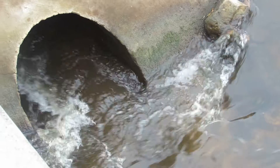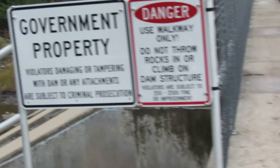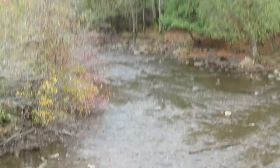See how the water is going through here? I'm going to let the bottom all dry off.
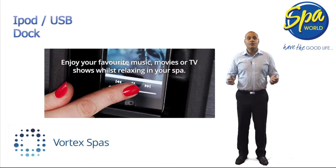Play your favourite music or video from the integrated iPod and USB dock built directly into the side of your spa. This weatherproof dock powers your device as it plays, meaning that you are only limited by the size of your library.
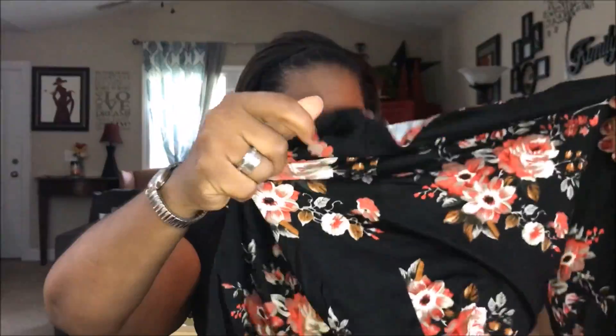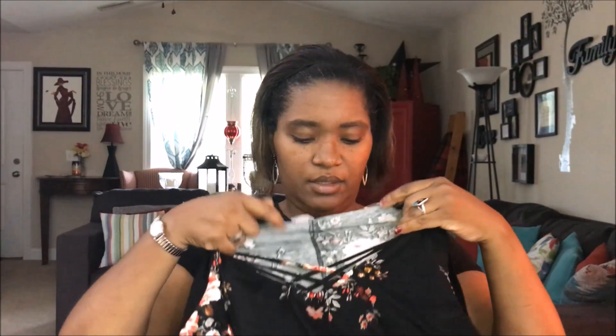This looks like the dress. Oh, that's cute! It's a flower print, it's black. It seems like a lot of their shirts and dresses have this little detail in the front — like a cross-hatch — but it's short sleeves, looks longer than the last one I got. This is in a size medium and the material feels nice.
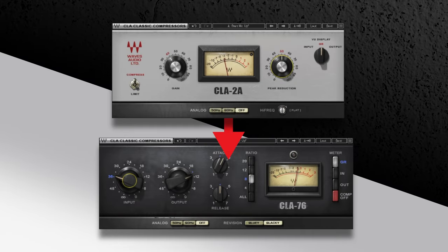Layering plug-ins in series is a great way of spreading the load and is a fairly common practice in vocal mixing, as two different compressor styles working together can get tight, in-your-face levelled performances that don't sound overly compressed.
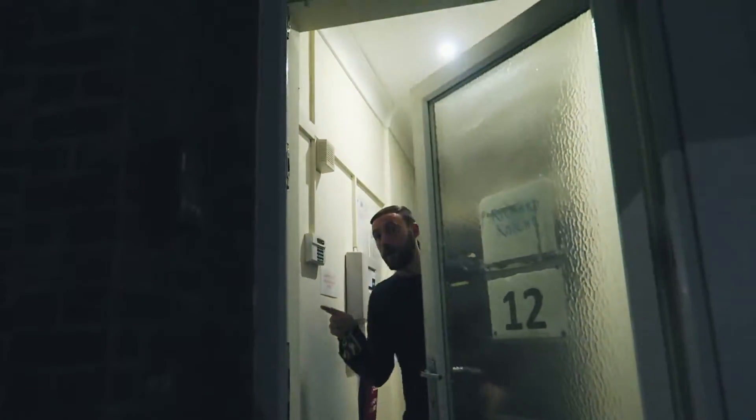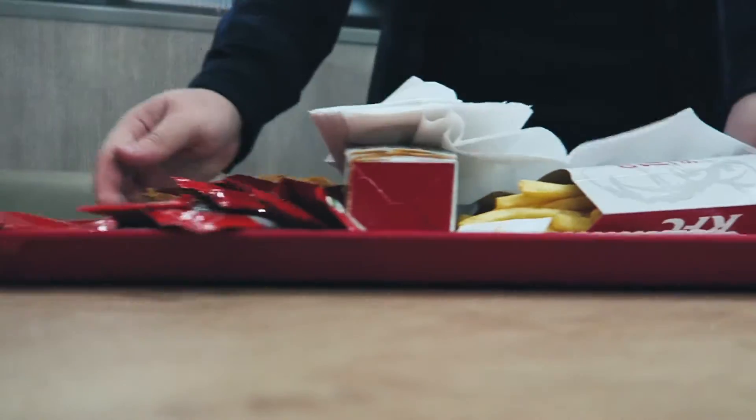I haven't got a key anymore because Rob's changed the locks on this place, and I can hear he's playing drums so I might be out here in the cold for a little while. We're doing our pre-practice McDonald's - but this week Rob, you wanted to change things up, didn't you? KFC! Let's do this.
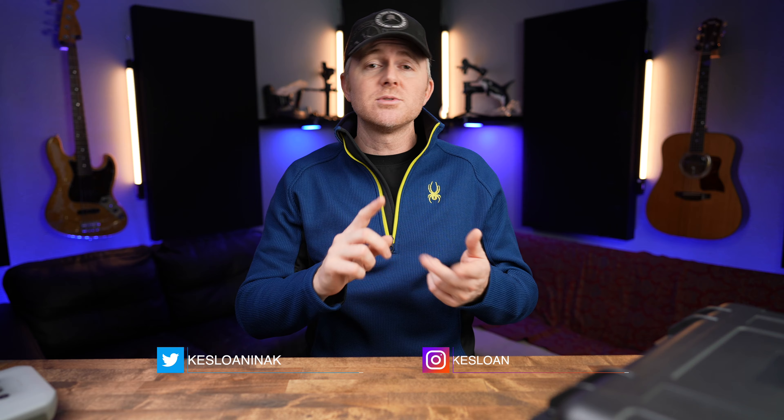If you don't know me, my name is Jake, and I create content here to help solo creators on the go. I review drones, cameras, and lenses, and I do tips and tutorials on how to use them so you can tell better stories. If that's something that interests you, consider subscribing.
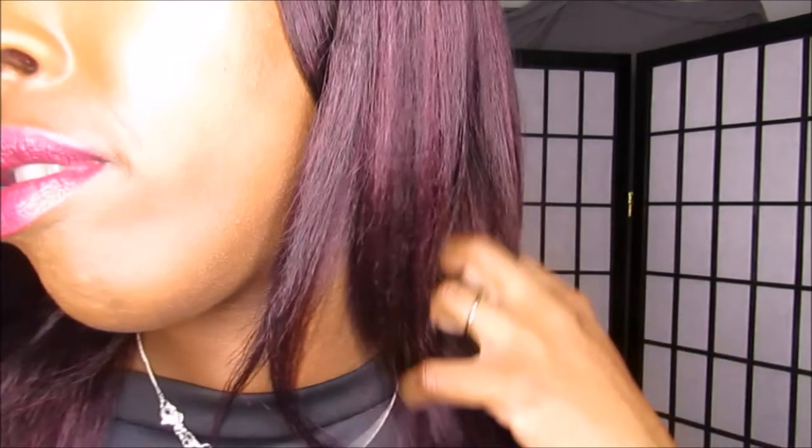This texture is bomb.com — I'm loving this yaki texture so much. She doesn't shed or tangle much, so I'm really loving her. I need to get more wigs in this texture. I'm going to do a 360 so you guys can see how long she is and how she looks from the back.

---

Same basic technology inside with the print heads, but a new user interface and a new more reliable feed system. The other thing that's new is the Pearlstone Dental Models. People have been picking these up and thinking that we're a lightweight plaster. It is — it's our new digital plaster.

The task>
I would like the exact lines from the data above, starting with the one that holds "If you don't" and going on through the one that holds "This texture is", without the pictures.

Your response>
If you don't know me, my name is Jake, and I create content here to help solo creators on the go. I review drones, cameras, and lenses, and I do tips and tutorials on how to use them so you can tell better stories. If that's something that interests you, consider subscribing.
This texture is bomb.com — I'm loving this yaki texture so much. She doesn't shed or tangle much, so I'm really loving her. I need to get more wigs in this texture. I'm going to do a 360 so you guys can see how long she is and how she looks from the back.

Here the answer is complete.